Most importantly, I learnt that sometimes people around us will not agree to our decisions, but if we genuinely believe something is meant for us from the bottom of our heart, we absolutely should not stop for anyone. Don’t let people’s decisions bog you down. Keep going. Those same people will come around after a while. It has definitely been an amazing journey and hoping for some new ones in the future.
The success scale: I think how happy I am and how satisfied I feel with the work I do, and how peaceful a sleep I get every night determines how successful I am. Success for me is largely dependent on wellbeing, good health and happiness and the sense of pride. I don’t carry regrets. About anything. So I call this the “Priya’s Special Memory Loss Effect” where I consciously choose to erase any hurtful memories from my life. I have obviously made mistakes in the past, but mistakes are a wonderful opportunity to learn, so why regret making those mistakes?
Word of advice: Stop listening to advices from the world around you. Try to go with your gut. And do not give up. And nothing beats hard work. Luck is overrated, hard work is directly proportional to how successful you will be.

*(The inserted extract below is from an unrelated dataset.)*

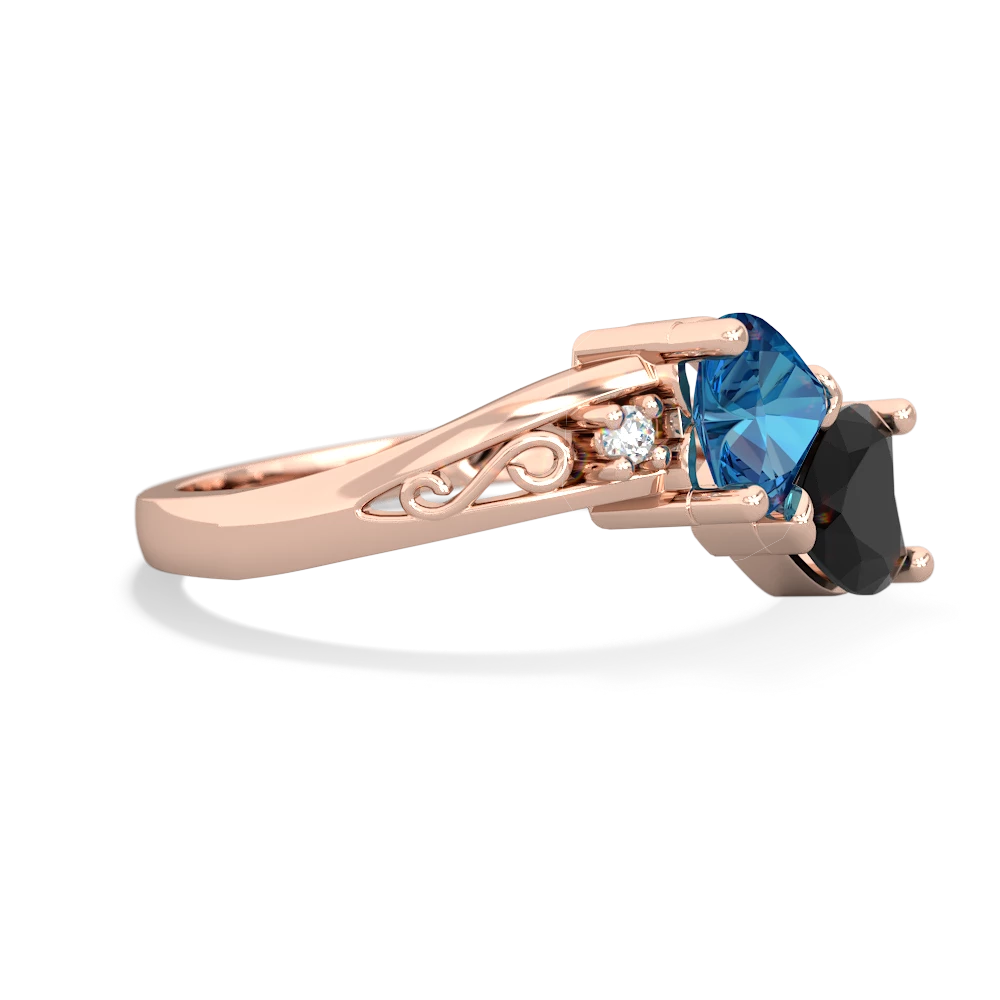 London Topaz Snuggling Hearts 14K Rose Gold ring R2178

About the company: Piah Dance Company was the first company that brought contemporary folk of Gujarat to Bangalore. For some reason Indian folk is extremely underrated and people assume that it is very easy and not entertaining. I believe that Indian folk dances are so vibrant and full of energy and they have so much scope to offer but has not been explored much. Our forte is contemporary folk and we want to take this dance form to international levels.
On that note I would take your leave! Keep dreaming!”